Next to me, with an expert strike and sharp CRACK a huge crab yeilds its juicy white meat to Edna. Wine is being poured, claws prised open, crustacea devoured. I'm somewhat dazed to find myself where I am, in a tiny Normandie seaside town with some of my favourite people in the world. Paris, with its recent dramas, is a safe three hours away. I'm out of its gravitational field, feeling like an escaped prisoner. Exhaustion, exhileration, relief.

I pick up my mallet again. Tap tap tap. The cray is not impressed. O see's my problem."Hit it!" he demands. Tap. "Harder!" Tap, TAP "come on!" CRACK! "Good"

With every vicious CRACK Paris is further away.

CRACK! problems are less

CRACK! life is easier

CRACK! my shoulders relax

CRACK! I am laughing

CRACK! I have seafood in my hair

The unpredictable percussion of mallets on stubborn crustacea makes table-wide conversation impossible, restricting it to laughter and exclamation as our meal adorns the salad, the table, our neighbours plates.

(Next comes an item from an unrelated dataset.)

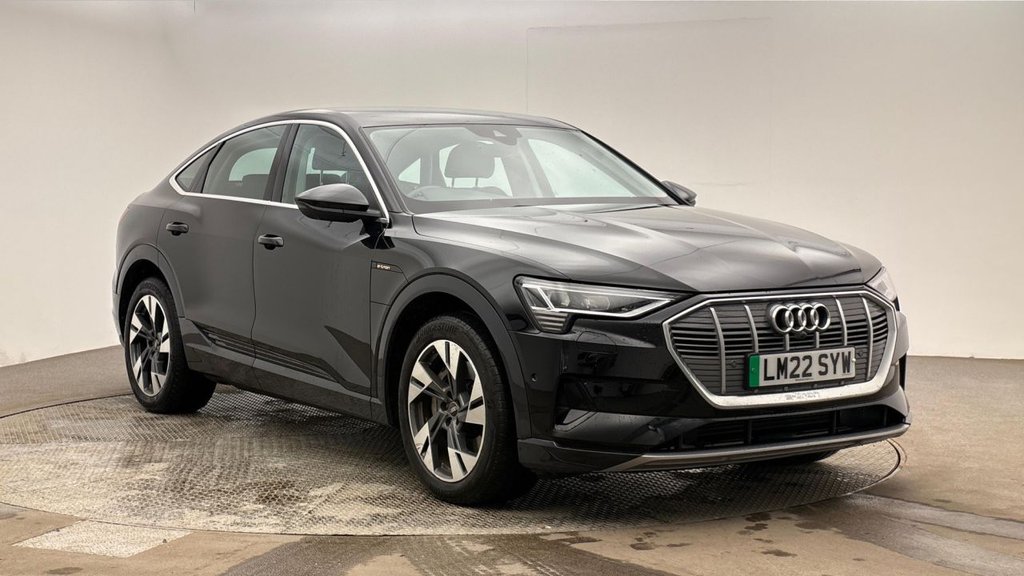 Audi E-tron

"This is why you should never eat seafood in a restaurant" Edna laughs. Especially not a Parisian restaurant, I think, with all of its control, etiquette and reserve. Not for Paris, we hammer-weilding heathens who drink red with seafood, serve salad by the handful and cram the firm, salty meat into our mouths.

Clean, smog-free sunlight creeps through the large windows, onto the rug, the edge of my bed, and eventually my blinking face. Everything in this childhood holiday home, from the linen in the cupboards to the well-worn couches and rows of children's rain-coats, musty from age, speak of memories. Of family dinners, wood fires, beach combing, late nights of conversation, fishing trips, growing children. The solid wooden floors sound like security and feel like family, and I, the youngest of the group of mostly couples am happy to be a child again. Out here, in the country, you can. You can shout, you can laugh your ass off. You can wear whatever you like, and eat however you like. You can make a lot of noise, and you can be blissfully, utterly alone.

It's so bright. We scamper along the goat path at the top of the cliff, the blue, blue sea crashing into the beach way below us. There are no clouds, only a huge dome of sky and rugged, green country behind us. The strong wind tosses our hair and pulls insistently on our coats. We roam and roam.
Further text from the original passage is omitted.